Non hikers have access to to summit the peak as over a half million people reach the summit house every year by the Pikes Peak Highway, or the Pikes Peak Cog Railway. The 19-mile Pikes Peak highway is not the hiking trail, two main trails provide access to hiking the “Peak”; the Barr Trail and trail 641A 1/10th of a mile from the Crags parking area. Our hike will include those two trails. Elevation gains will range from 4,000 to 7,400 feet on this hike extending over 20 miles. About 15,000 people a year attempt to climb Pikes Peak on foot- of those 15,000 only 75% complete it.
If this will be your first time to summit the Peak, then it is important to know what you are getting yourself into. This is a high elevation hike (see map/chart above). Elevation training is essential. If you are a visitor to the Pike Peak region and this is a bucket list endeavor, please take it seriously-too many injuries and deaths have resulted from being unprepared. If you are in low, to moderate shape you may consider an exercise plan to create a foundation before embarking on this hike. It is not the most difficult hike when prepared, but it has challenging aspects. Recently, nine soldiers were rescued off of Pikes Peak this year due to weather and lack of preparation. Storms on the mountain can create havoc on hikers, so be on the mountain early to be down in enough time to prevent life threatening situations.
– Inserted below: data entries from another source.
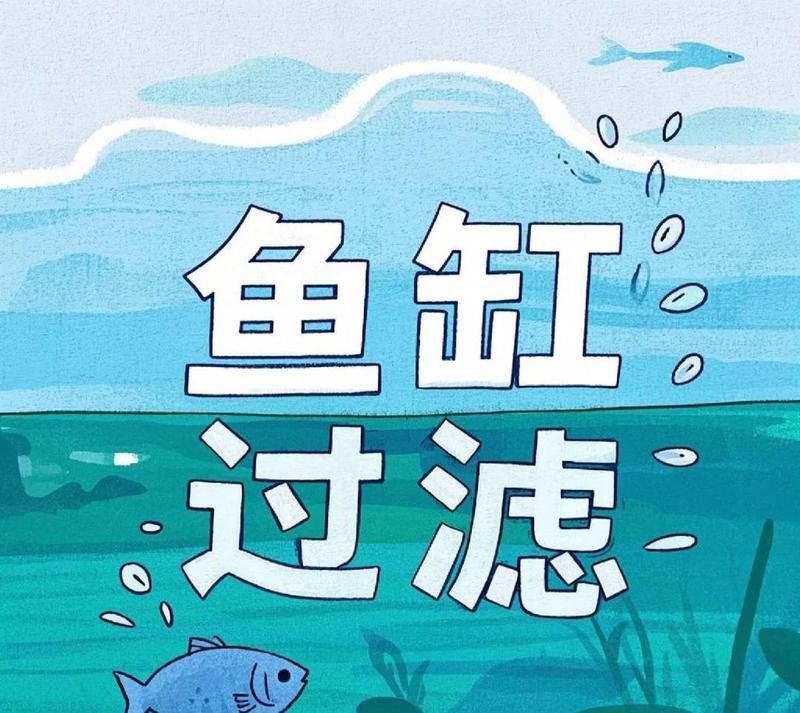 哪種過濾系統最適合過背金龍魚？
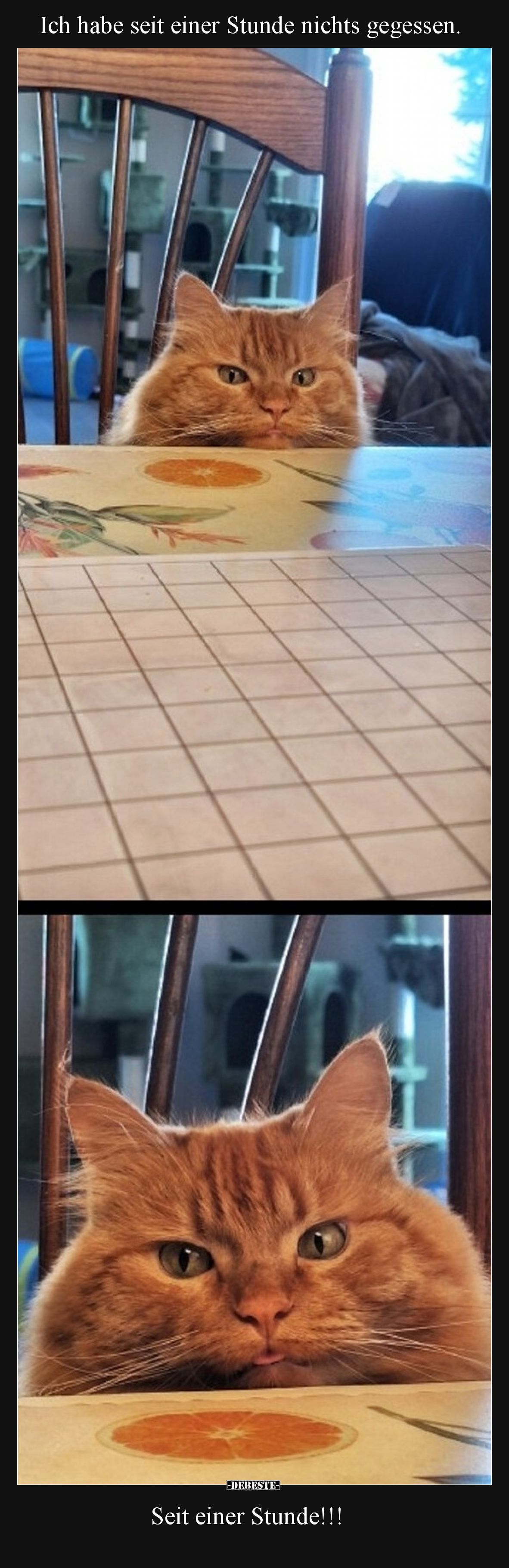 Ich habe seit einer Stunde nichts gegessen... - Lustige Bilder | DEBESTE.de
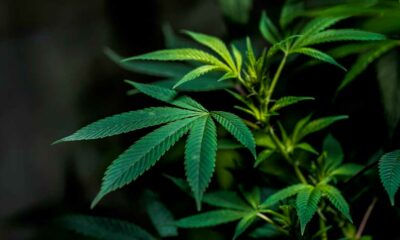 En junio se votará la legalización del cannabis en Luxemburgo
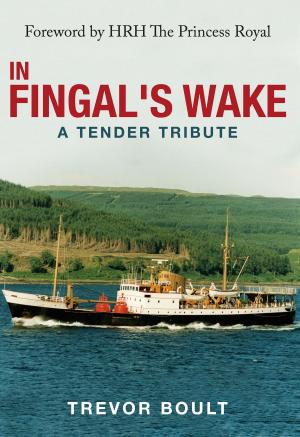 Book cover of In Fingal's Wake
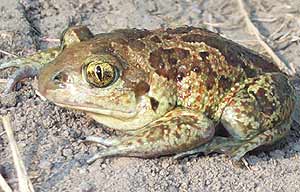 Knoblauchkr&ouml;te - Pelobates fuscus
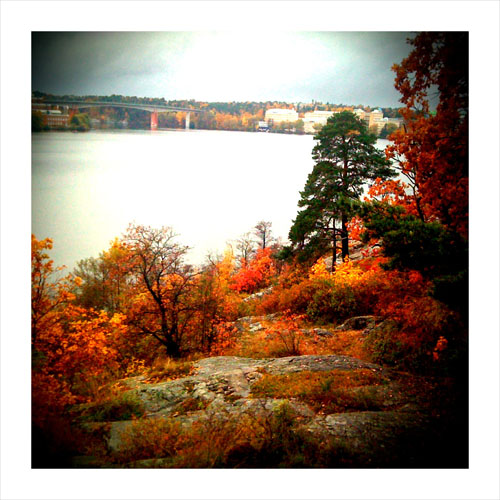 autumnlandscape1.jpg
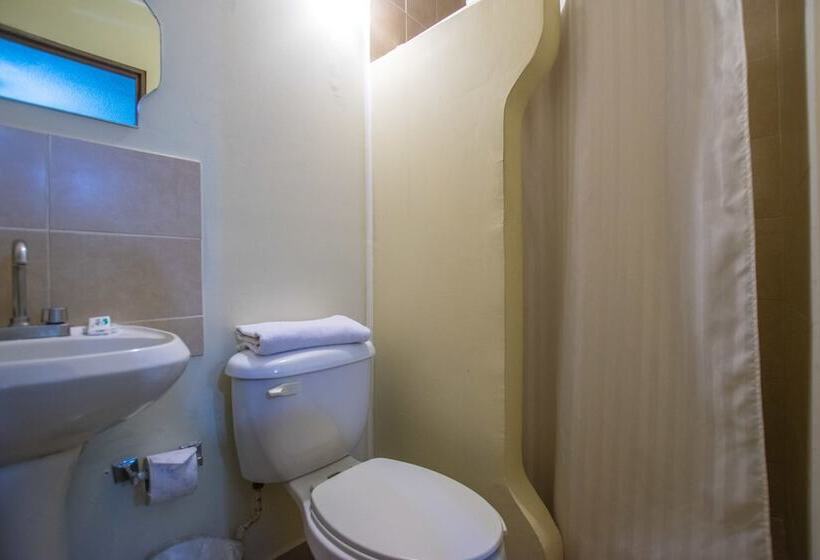 스탠다드 룸, Mateos 1215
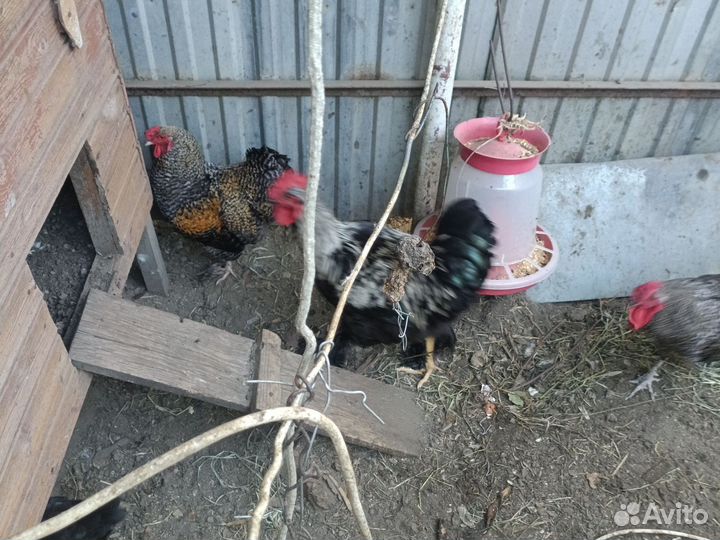 Петух пол года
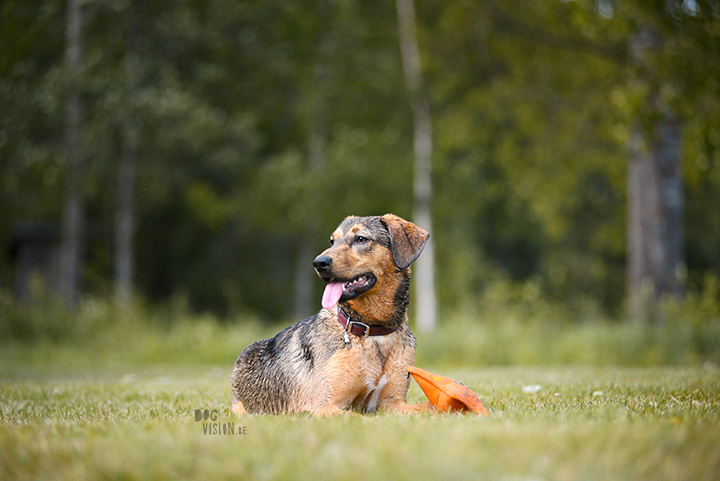 #TongueOutTuesday (28)| dogvision dog stories | dog photography project | blog on www.DOGvision.be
It is an essential that you bring layers of clothing. This is a skill that enables the hiker to adapt to the environment that changes very quickly in the mountains. By adding and decreasing clothing during the hike you will be able to provide a comfort zone to your day. Layering involves three basic stages: an inner wicking layer, an insulating middle layer, and a weatherproof outer layer.
Here is my cheat sheet:
1. Wicking- I wear specific gear that pulls sweat away from my body. Without being too graphic, chaffing will make your day miserable, many hikers never finish a hike due to the chaffing process.
2. Insulation- After checking the forecast I either wear my fleece vest, or jacket. Fleece will retain body heat and also has a wicking process. If I wear my fleece I carry my jacket in the pack (just in case).
3. Weatherproofing- This is to protect you from the elements. If you have inadequate outer layers or it traps perspiration it will cool you off. Winds on the summit are extreme at times, if you have wet clothes your core temperature will drop drastically and put you in danger. A Gore-Tex® jacket provides the protection from the elements as it has shell that can be added or removed based on overall temperature.
4. Hats, Gloves, and socks should not be cotton! Invest in some polyester, or propylene, materials. Pack an extra pair of socks as your feet are crucial to completion of the hike.
Use your body as a guide, while walking removing layers is common. However, when stopping for a break it is important to remember to add layers to maintain core temperature. If you are feeling too hot, or too cold, this can be a sign of improper layering methods.
What to Pack
This will be a day hike, but you should always prepare for the worst. Again this hike is not extreme, but it is challenging. Also, mountains can be unpredictable and if you are not prepared you may find yourself in a bad situation. For a day hike the following items are commonplace in my pack.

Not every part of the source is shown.